# Vacation Salary Teacher



## ADteacher (Aug 19, 2015)

Started in new position April 2015 in a private school - international hire.
Still no visa, medical card or labor contract - only signed offer apparently

Contract states - all ADEC calendared holidays and public holidays nothing about prorata holidays. So I was a bit confused when other staff said don't expect to get paid!

To be honest I never imagined I wouldn't be paid my full salary during the summer vacation and offer letter never said anything about prorata holiday pay? In fact I had never heard about this before - who would start a job in April knowing they wouldn't be paid their full salary for two months? I wouldn't have accepted the job if I had known this.

I have researched and labor law apparently says a minimum of 2 days per month worked but how can this apply to teachers?

Teachers have no choice as to when and for how long they can take as vacation - this is stipulated by ADEC and the MOE. My offer letter (contract the school says) states they follow Labor law, ADEC or MOE guidelines which private schools should follow. Under ADEC teachers have a minimum of 45 days + public holidays and MOE 60 for summer vacation alone. Can they calculate my vacation salary on just 2.5 days? This doesn't seem accurate to me.... and as in previous jobs pro rata only applied at the end of the contract and was calculated on 3.75 days per month...

Having searched the internet I have only been able to find one such thread - which I think shows this cant be a real problem here with teachers in general.

The finance mafia run the school - we have no HR department. I have been requesting a breakdown of my July and August salary since before we broke up for the summer vacation and just this week received a few calculations on a slip of paper. 

I have had no support in monthly visa runs - costs I have had to pay for.
Been told that any medical expenses cant be claimed from the school.
Have not received relocation allowance or flights.
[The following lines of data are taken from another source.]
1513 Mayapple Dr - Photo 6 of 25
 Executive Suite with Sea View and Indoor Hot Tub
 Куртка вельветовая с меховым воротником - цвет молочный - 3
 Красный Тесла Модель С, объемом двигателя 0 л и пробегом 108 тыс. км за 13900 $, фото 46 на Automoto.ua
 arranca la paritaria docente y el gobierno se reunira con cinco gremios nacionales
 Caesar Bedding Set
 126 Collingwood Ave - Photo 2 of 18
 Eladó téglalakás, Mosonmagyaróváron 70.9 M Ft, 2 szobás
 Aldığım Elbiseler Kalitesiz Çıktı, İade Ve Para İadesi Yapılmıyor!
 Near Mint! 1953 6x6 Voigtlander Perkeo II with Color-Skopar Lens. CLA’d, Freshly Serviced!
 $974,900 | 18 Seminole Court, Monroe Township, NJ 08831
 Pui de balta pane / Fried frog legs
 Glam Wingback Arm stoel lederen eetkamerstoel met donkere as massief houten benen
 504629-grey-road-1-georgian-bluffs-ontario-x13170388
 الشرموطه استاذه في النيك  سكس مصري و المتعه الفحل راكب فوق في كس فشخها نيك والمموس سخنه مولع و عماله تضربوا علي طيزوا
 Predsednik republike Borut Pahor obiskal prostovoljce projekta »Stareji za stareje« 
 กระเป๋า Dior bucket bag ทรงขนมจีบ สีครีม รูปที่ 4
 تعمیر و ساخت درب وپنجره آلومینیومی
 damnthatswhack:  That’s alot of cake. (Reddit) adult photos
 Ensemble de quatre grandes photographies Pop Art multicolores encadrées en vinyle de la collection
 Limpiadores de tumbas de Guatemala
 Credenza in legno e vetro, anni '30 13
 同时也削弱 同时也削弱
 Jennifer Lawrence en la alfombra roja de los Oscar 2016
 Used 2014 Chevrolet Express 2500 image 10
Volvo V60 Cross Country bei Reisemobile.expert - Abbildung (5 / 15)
Any advice or experience with this would be very helpful....


----------



## iggles (Jan 4, 2015)

No visa/UAE card is shocking, you're working illegally. You do know that? And I thought medical care HAS to be covered by your employer.

I'd contact MOL asap - but also expect to be going back to blighty. 

Have you considered looking for a new job?


----------



## helsgaub (Jun 11, 2015)

No Visa? Your entry permit must have expired by now so yes, working illegally. Do you have your passport or does your employer? Seems fishy.


----------



## Emaroyds (Apr 18, 2011)

I was faced with exactly the same scenario a couple of years ago. I too started teaching in April and was not paid for my summer holidays. Sadly, despite contacting MOL I was stuck with no salary for the summer because of the pro rata issue!
Are you on a local or international contract? If it's local, I am aware that there can by a delay when applying for your labour card, I didn't get mine until October which delayed car loans etc. I would most certainly be chasing when your admin team get back in. Good luck with your issues, hopefully they will be resolved soon.


----------



## ADteacher (Aug 19, 2015)

Thank you for the info....

So really no point me pushing for summer pay even though another colleague who started the same time got his fully salary - travel allowance...

International contract - but there are very few of us...and no more to be taken...think we are too expensive for them...

No real admin team just a finance department and they are really not very helpful...


----------



## ADteacher (Aug 19, 2015)

*Thank you*



iggles said:


> No visa/UAE card is shocking, you're working illegally. You do know that? And I thought medical care HAS to be covered by your employer.
> 
> I'd contact MOL asap - but also expect to be going back to blighty.
> 
> Have you considered looking for a new job?


Thank you for the advice...

Yes I know it is illegal but I think lots of companies do this...

Medical will when they eventually sort out my labor card and visa - today he says another 3 weeks at least.... Really never has took this long before...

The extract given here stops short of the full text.